Activity: Please return exactly the lines below that run from the line with "Freunde mit Hunden beim Camping" through the end of the listing, both included, but not the pictures.

[Provided data Boundary: Start]

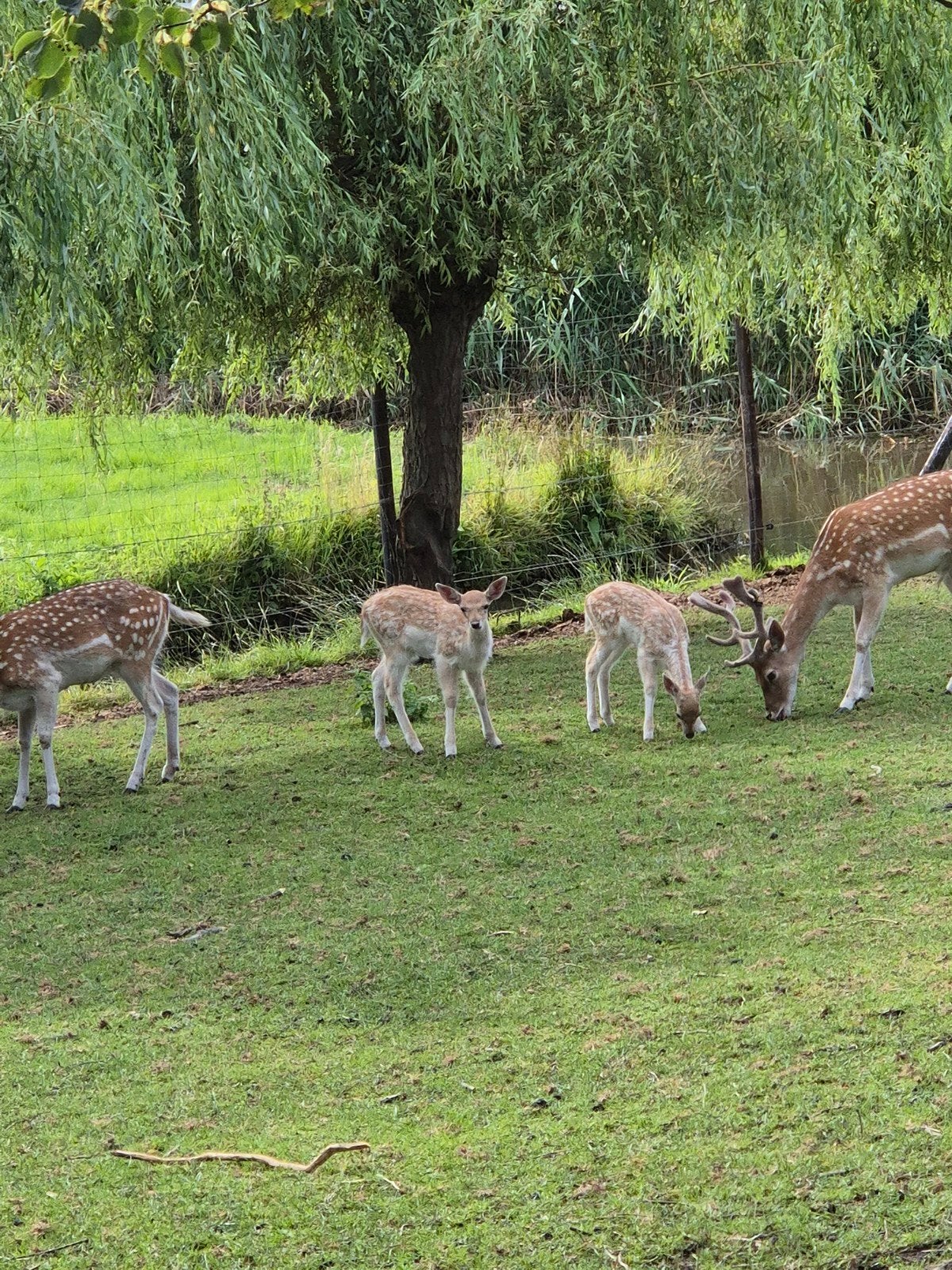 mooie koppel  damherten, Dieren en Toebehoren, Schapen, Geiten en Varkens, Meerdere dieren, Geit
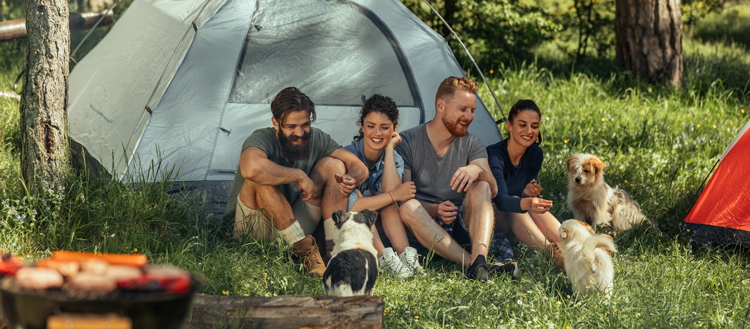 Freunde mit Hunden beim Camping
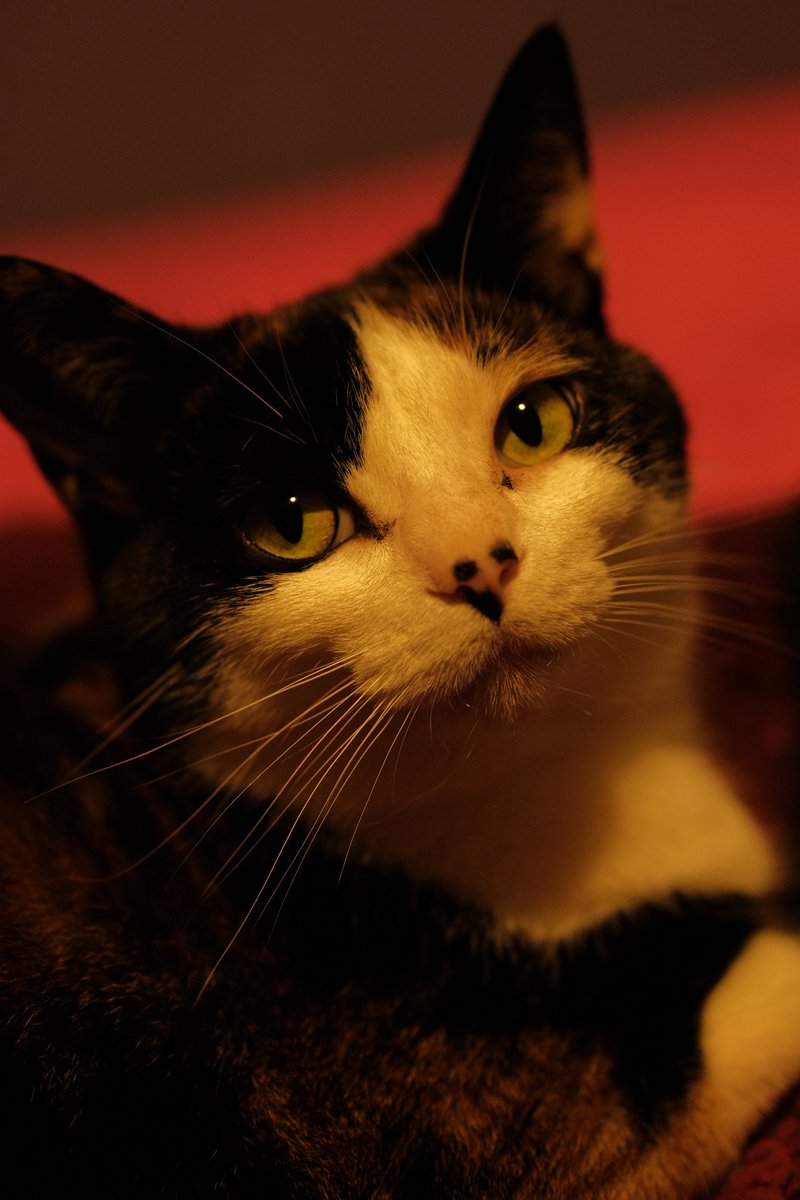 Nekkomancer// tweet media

[Provided data Boundary: End]

Response area:
 Freunde mit Hunden beim Camping
 Nekkomancer// tweet media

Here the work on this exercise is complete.